- [Exercise details]
Copy each line below as it stands, but skip any picture it contains.

- [Data segment]
_ _ _

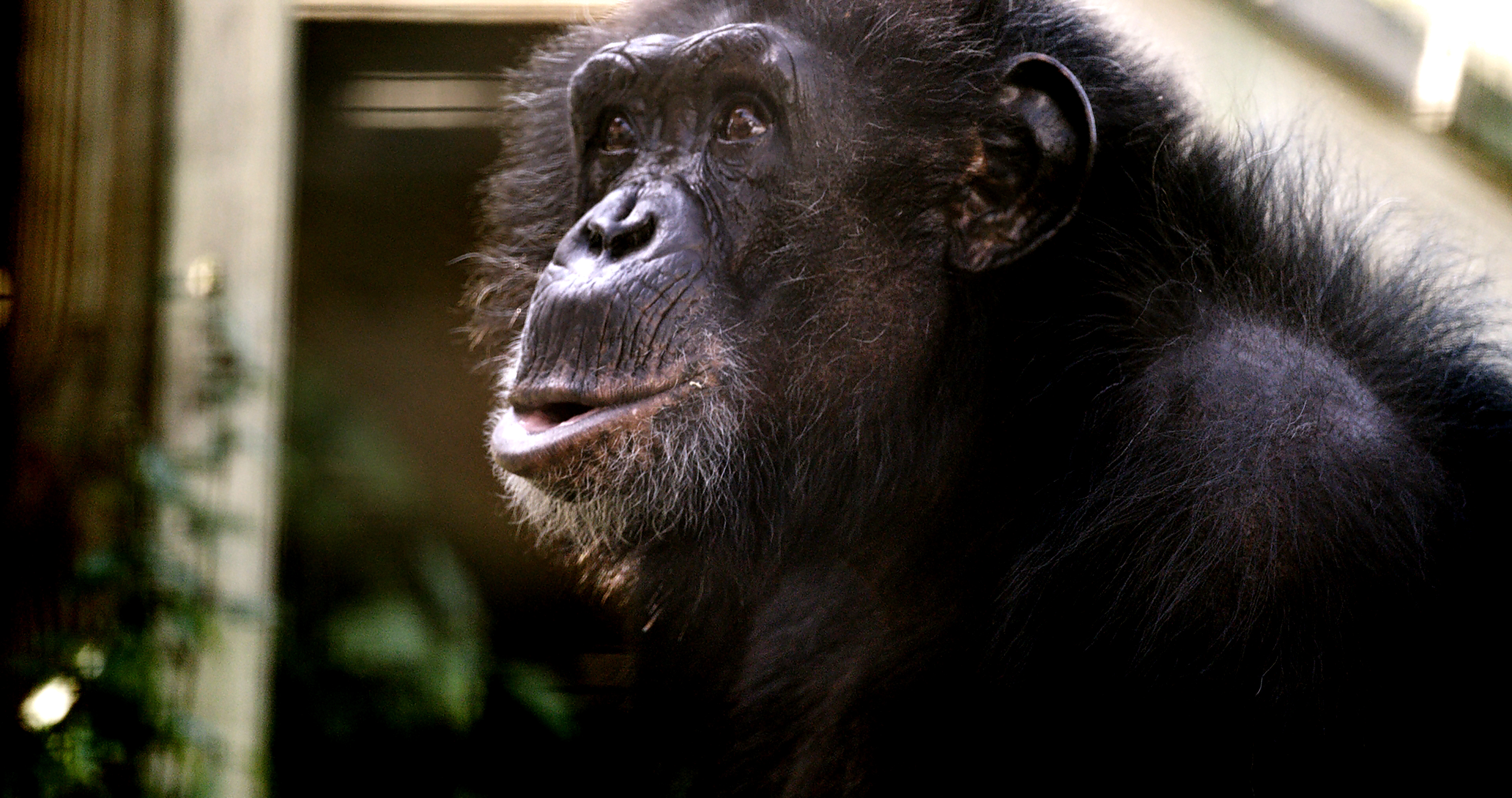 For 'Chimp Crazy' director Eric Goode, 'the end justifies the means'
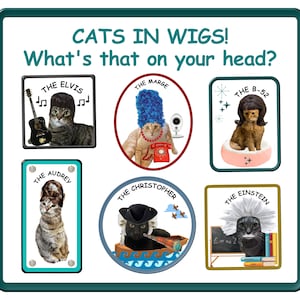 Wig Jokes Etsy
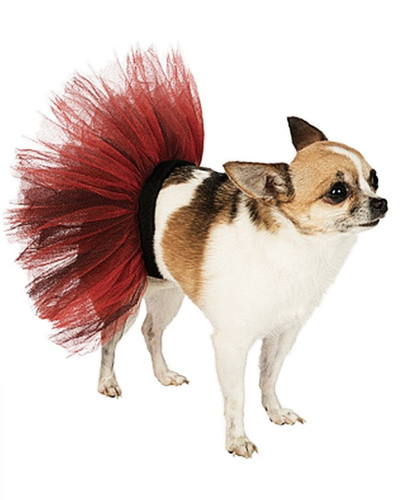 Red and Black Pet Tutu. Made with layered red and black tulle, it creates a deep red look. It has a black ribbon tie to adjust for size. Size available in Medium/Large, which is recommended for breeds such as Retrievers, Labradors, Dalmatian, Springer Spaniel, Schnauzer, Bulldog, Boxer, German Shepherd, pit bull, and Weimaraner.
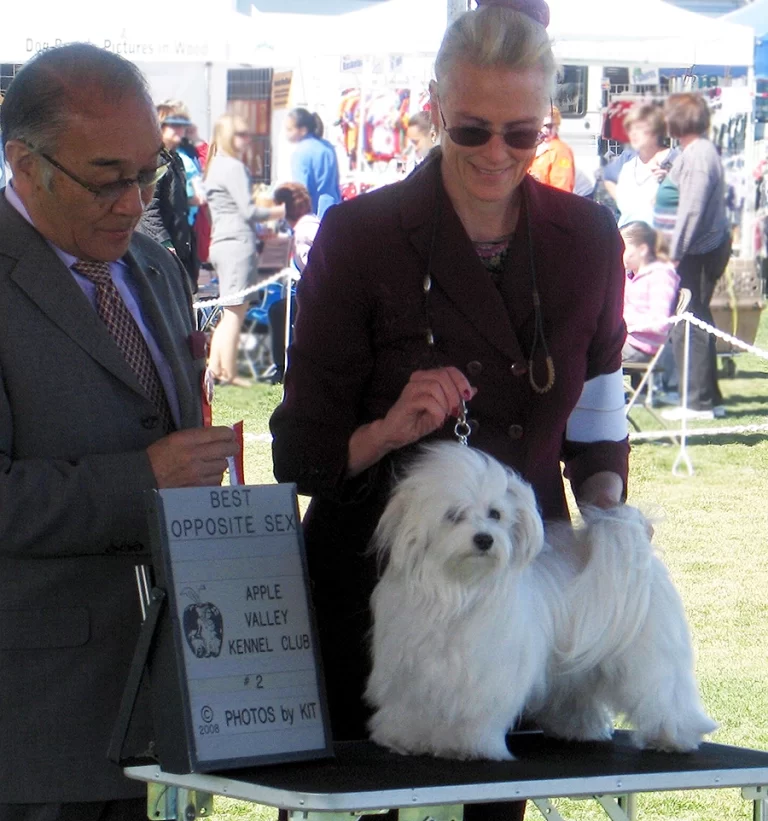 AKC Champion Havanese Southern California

_ _ _

- [Exercise response]
 For 'Chimp Crazy' director Eric Goode, 'the end justifies the means'
 Wig Jokes Etsy
 Red and Black Pet Tutu. Made with layered red and black tulle, it creates a deep red look. It has a black ribbon tie to adjust for size. Size available in Medium/Large, which is recommended for breeds such as Retrievers, Labradors, Dalmatian, Springer Spaniel, Schnauzer, Bulldog, Boxer, German Shepherd, pit bull, and Weimaraner.
 AKC Champion Havanese Southern California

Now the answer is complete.